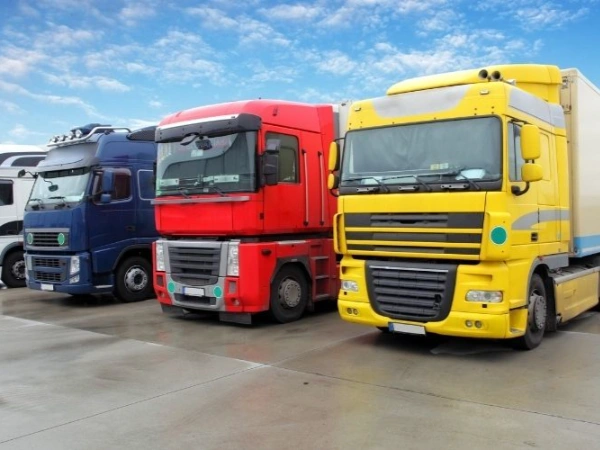 Antalya Sinanpaşa Nakliye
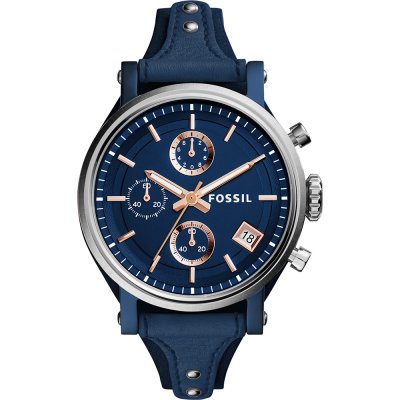 Fossil ES4113 Original Boyfriend Uhr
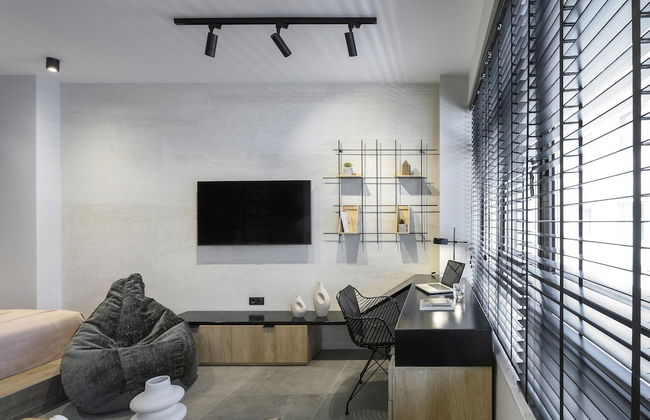 Olvios Lofts Ladadika - Foto 27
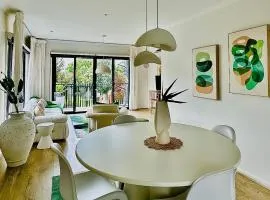 Position Perfection- Mornington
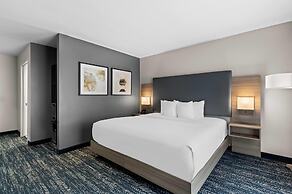Hourglass Hotel, Trademark Collection by Wyndham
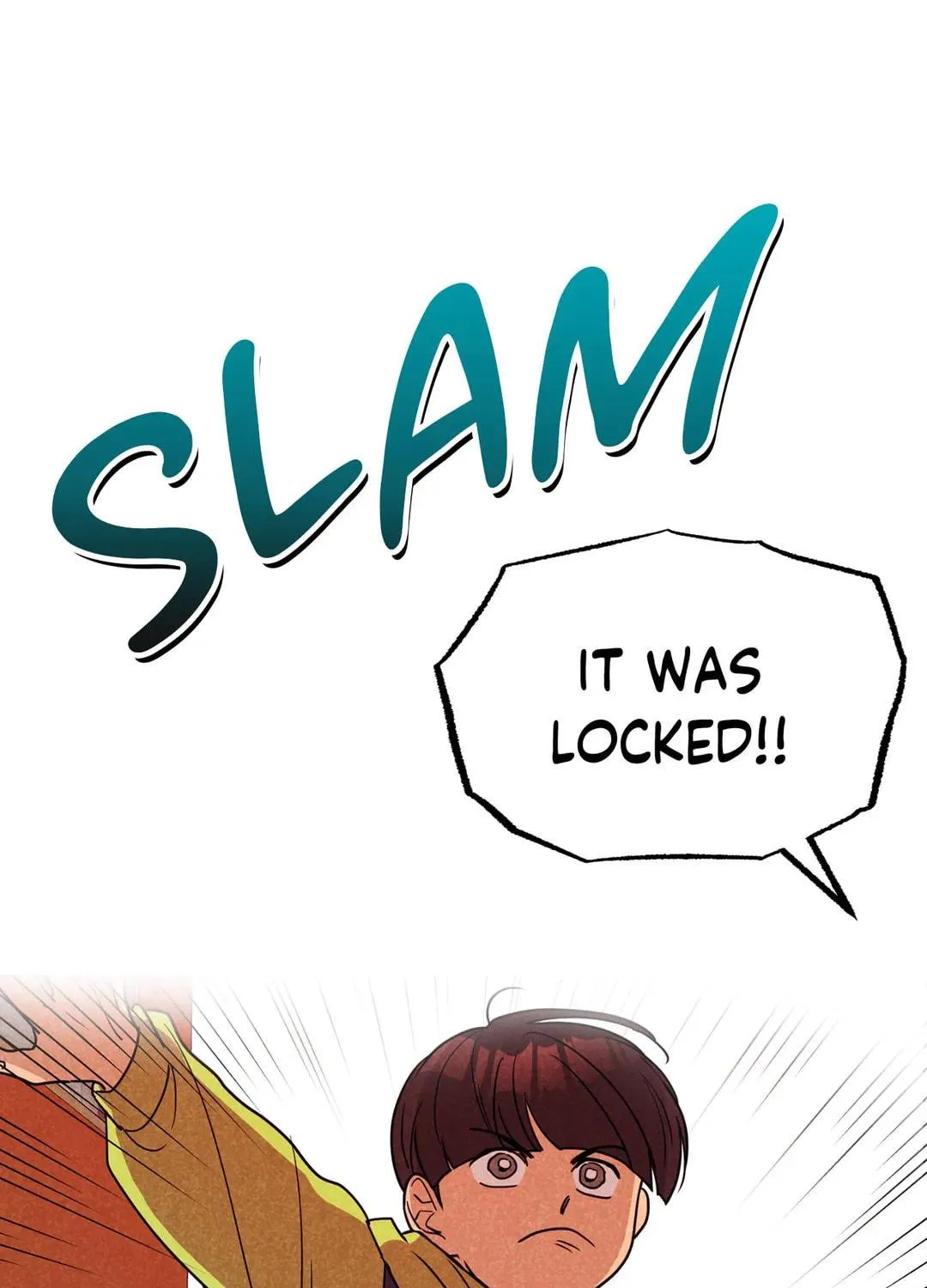 Read Spinach Bouquet chapter 65 image 58 on Lezhin
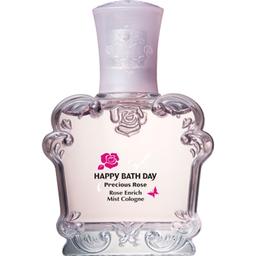 Happy Bath Day Precious Rose - Rose Enrich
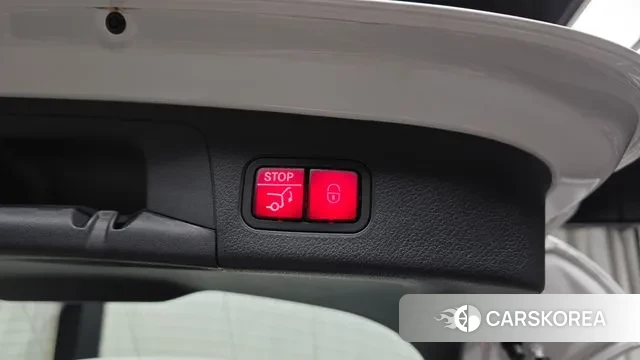 Mercedes-Benz EQA H243 id 3442122 из Кореи 11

--*--

= Aim of the task =
Could you transcribe the records above exactly, leaving out any pictures?

= Response area =
 Antalya Sinanpaşa Nakliye
 Fossil ES4113 Original Boyfriend Uhr
 Olvios Lofts Ladadika - Foto 27
 Position Perfection- Mornington
Hourglass Hotel, Trademark Collection by Wyndham
 Read Spinach Bouquet chapter 65 image 58 on Lezhin
 Happy Bath Day Precious Rose - Rose Enrich
 Mercedes-Benz EQA H243 id 3442122 из Кореи 11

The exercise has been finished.